Exercise aim.
Starting with the line with "Caffè da 350" in the entries below and going on through the line with "Staff schedule on mobile", output every line exactly and nothing more. No pictures.

[Opening The records section]

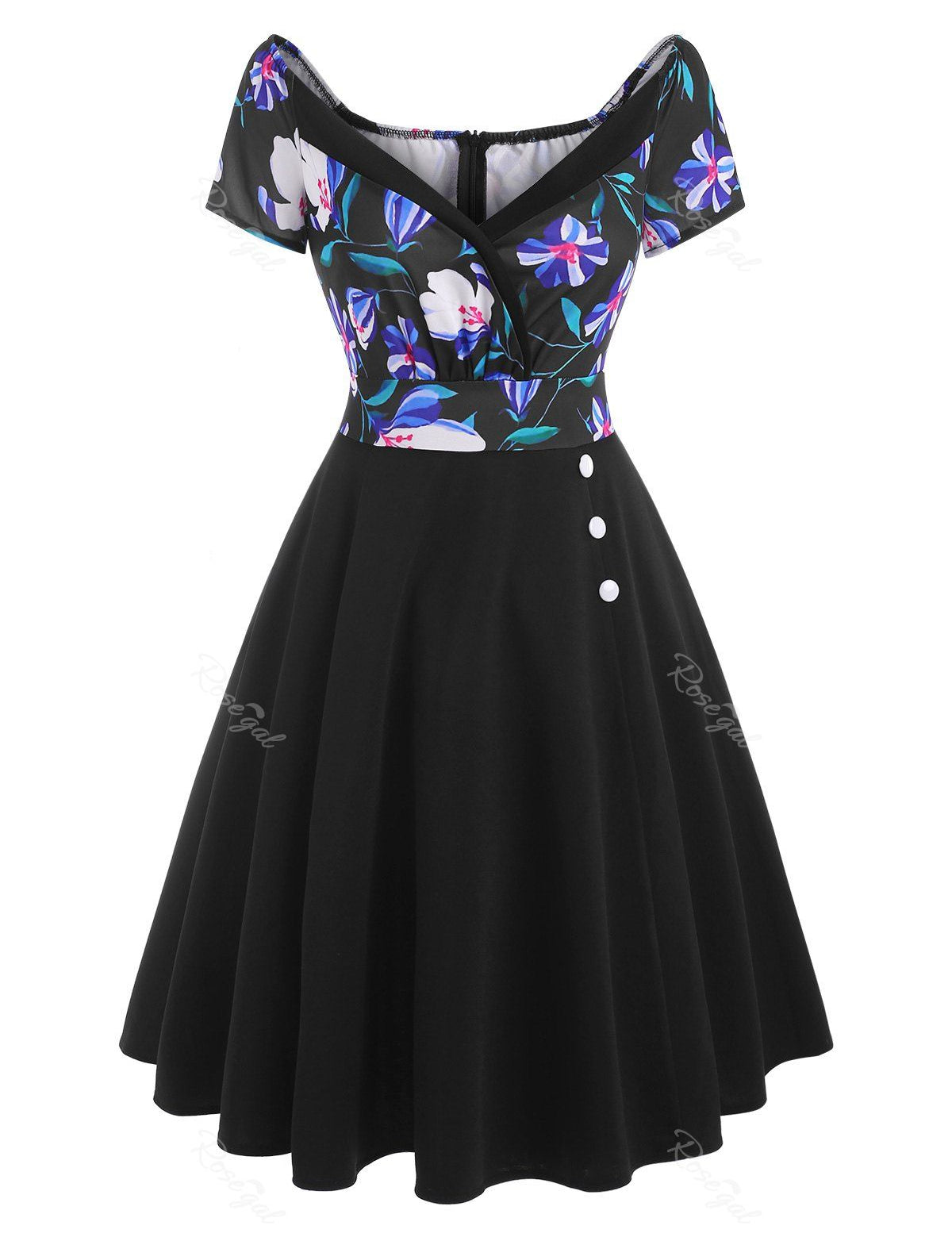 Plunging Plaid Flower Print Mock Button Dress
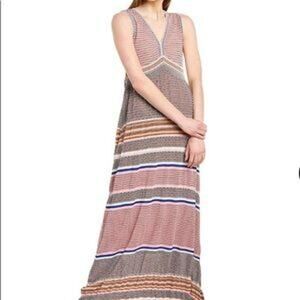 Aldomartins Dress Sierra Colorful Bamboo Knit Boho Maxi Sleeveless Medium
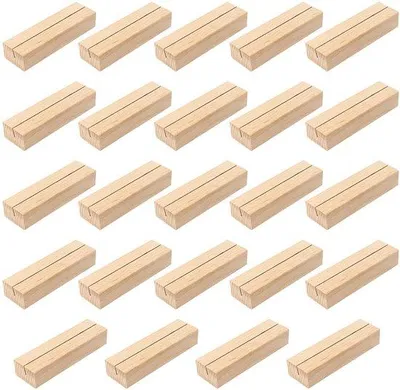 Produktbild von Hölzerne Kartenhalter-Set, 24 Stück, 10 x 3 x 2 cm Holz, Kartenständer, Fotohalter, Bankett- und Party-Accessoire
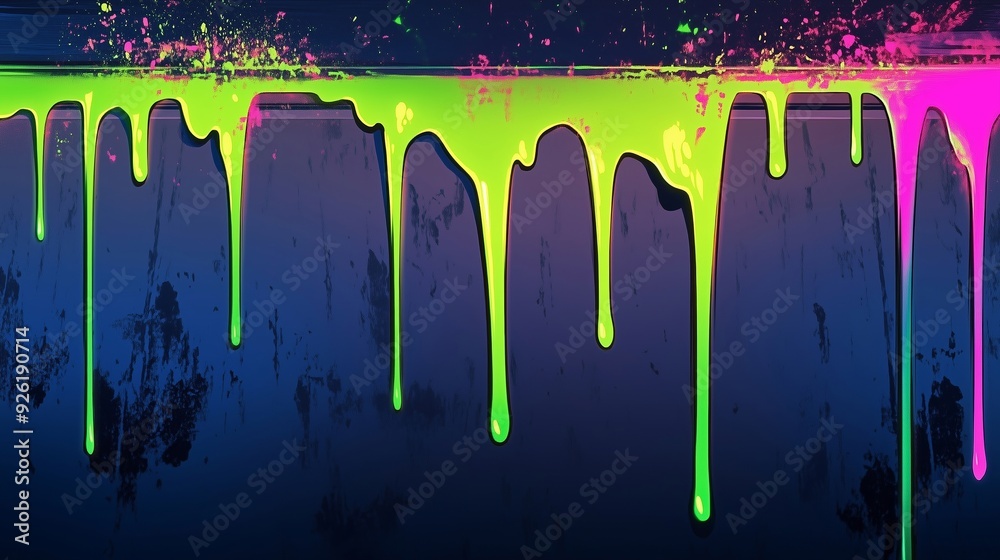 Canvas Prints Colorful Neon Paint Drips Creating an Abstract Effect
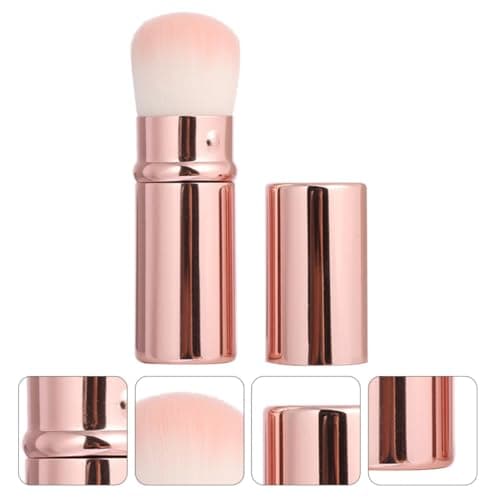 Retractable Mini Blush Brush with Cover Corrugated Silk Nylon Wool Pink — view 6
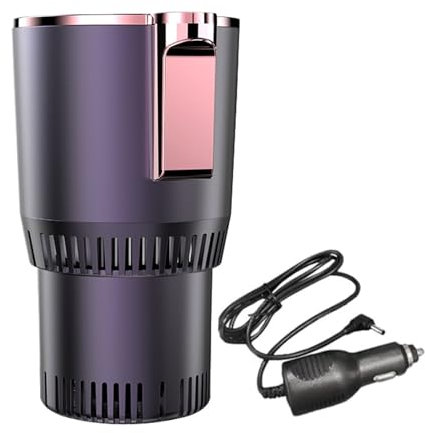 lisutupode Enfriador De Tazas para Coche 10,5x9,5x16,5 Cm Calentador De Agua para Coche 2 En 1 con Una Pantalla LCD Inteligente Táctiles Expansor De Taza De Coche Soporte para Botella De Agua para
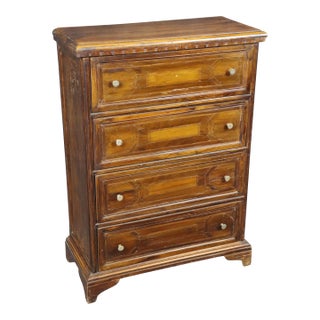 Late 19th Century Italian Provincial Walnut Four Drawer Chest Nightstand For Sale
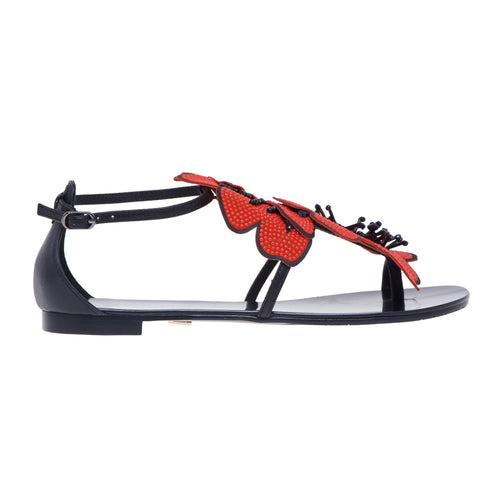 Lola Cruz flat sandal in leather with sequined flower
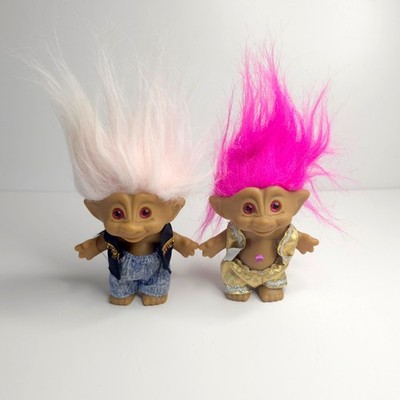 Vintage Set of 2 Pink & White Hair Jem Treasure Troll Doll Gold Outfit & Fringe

[Closing The records section]
[Opening The records section]

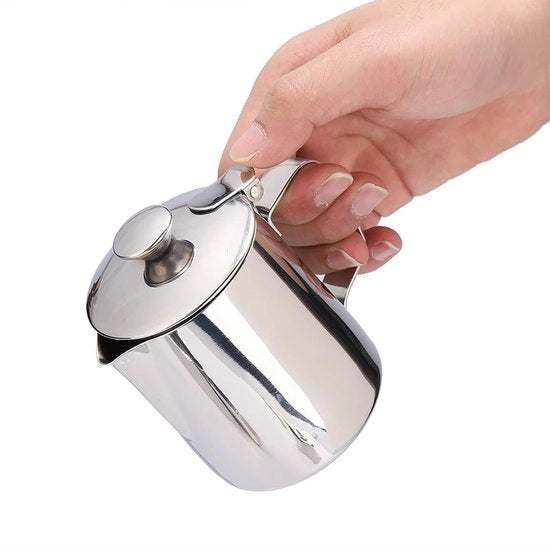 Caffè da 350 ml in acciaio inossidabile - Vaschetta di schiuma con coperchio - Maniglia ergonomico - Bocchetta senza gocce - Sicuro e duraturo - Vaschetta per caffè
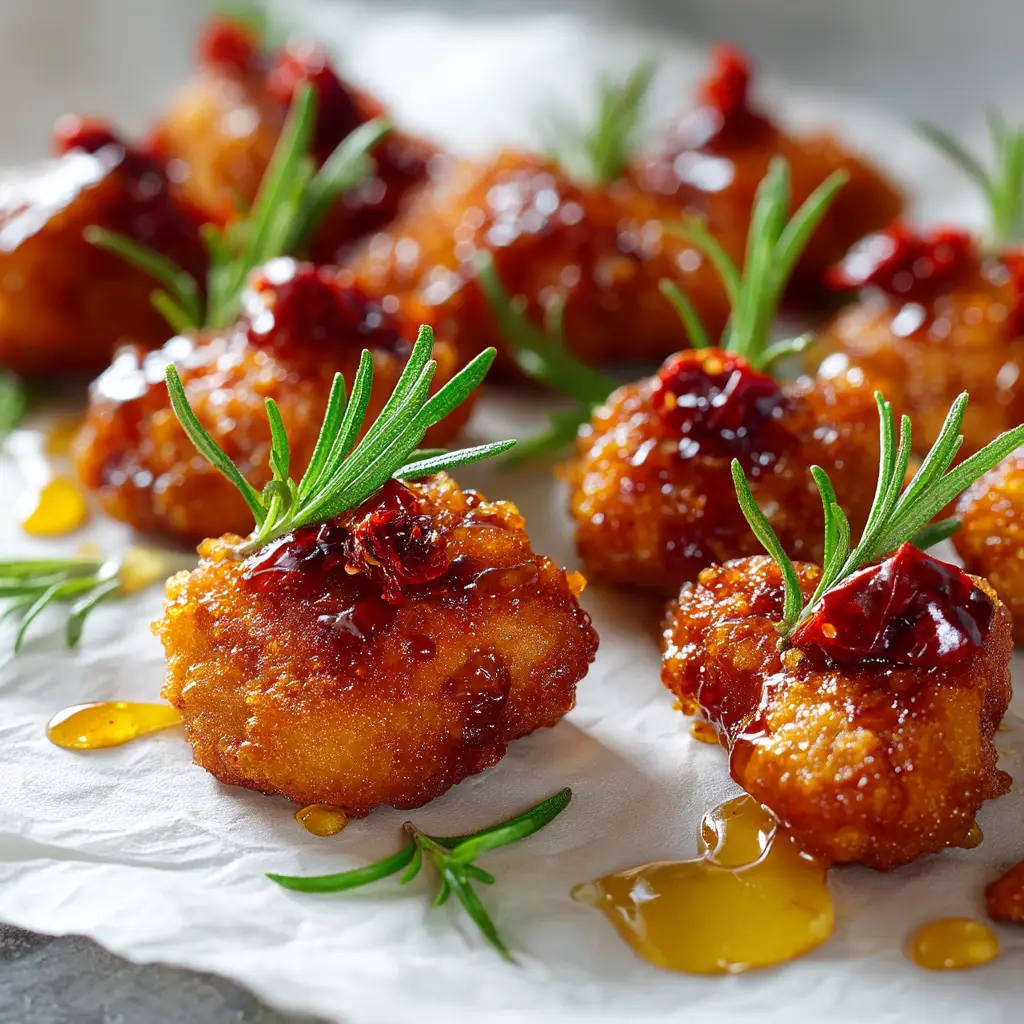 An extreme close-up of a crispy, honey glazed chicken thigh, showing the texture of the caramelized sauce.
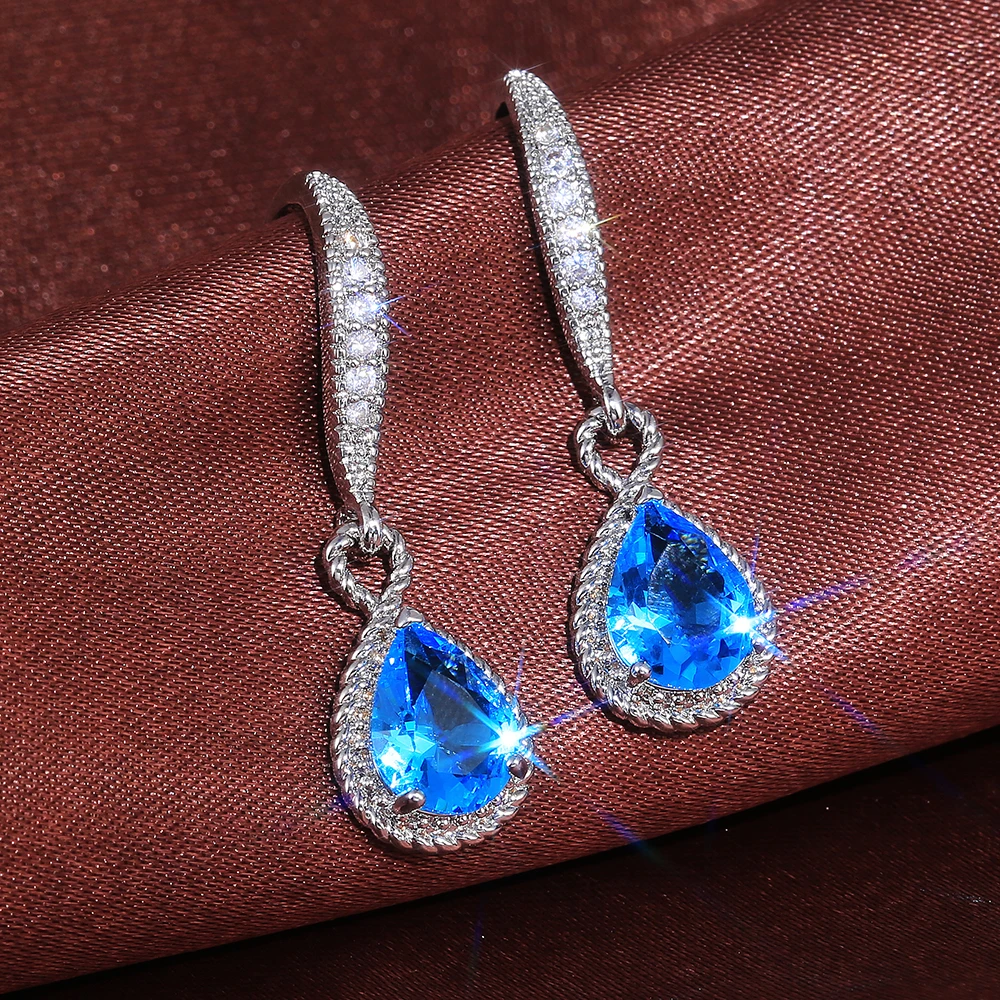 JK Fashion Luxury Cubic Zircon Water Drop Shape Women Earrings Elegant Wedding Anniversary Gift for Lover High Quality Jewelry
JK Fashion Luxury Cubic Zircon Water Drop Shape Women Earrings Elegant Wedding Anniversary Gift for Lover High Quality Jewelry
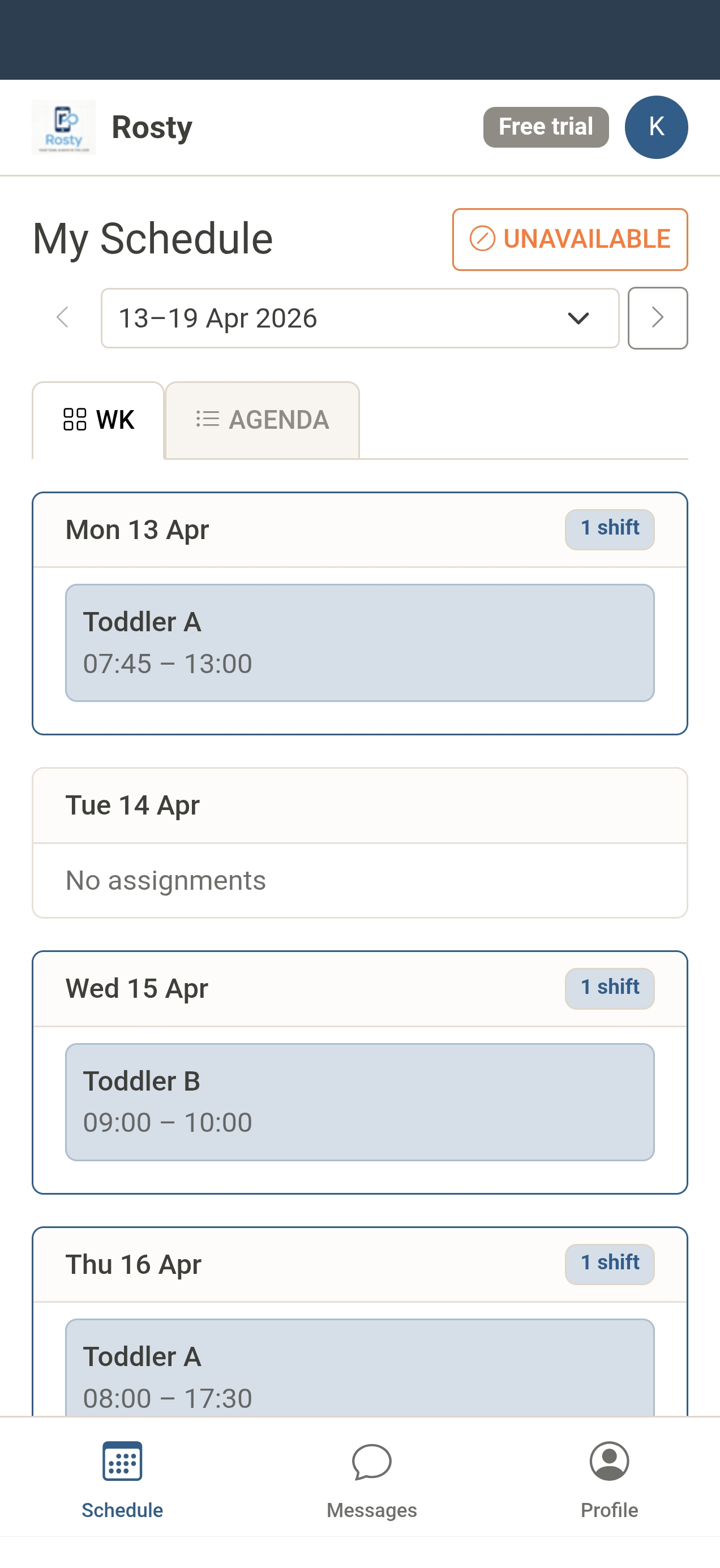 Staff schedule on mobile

[Closing The records section]
[Opening The records section]

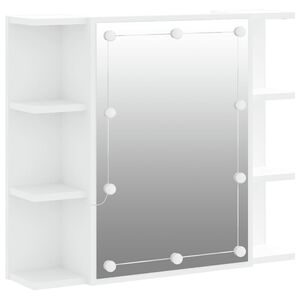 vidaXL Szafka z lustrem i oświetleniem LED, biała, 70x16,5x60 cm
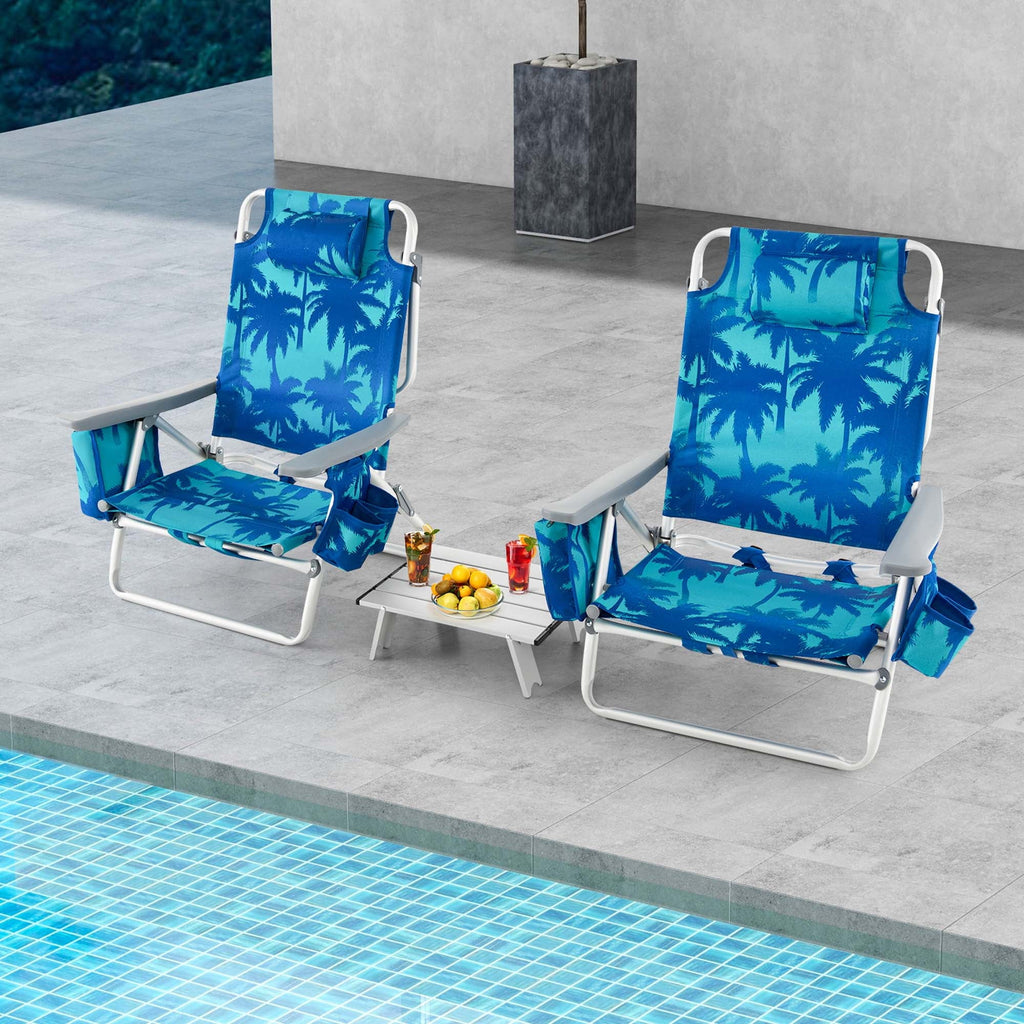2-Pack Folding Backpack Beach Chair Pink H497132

[Closing The records section]

Answer area.
 Caffè da 350 ml in acciaio inossidabile - Vaschetta di schiuma con coperchio - Maniglia ergonomico - Bocchetta senza gocce - Sicuro e duraturo - Vaschetta per caffè
 An extreme close-up of a crispy, honey glazed chicken thigh, showing the texture of the caramelized sauce.
 JK Fashion Luxury Cubic Zircon Water Drop Shape Women Earrings Elegant Wedding Anniversary Gift for Lover High Quality Jewelry
JK Fashion Luxury Cubic Zircon Water Drop Shape Women Earrings Elegant Wedding Anniversary Gift for Lover High Quality Jewelry
 Staff schedule on mobile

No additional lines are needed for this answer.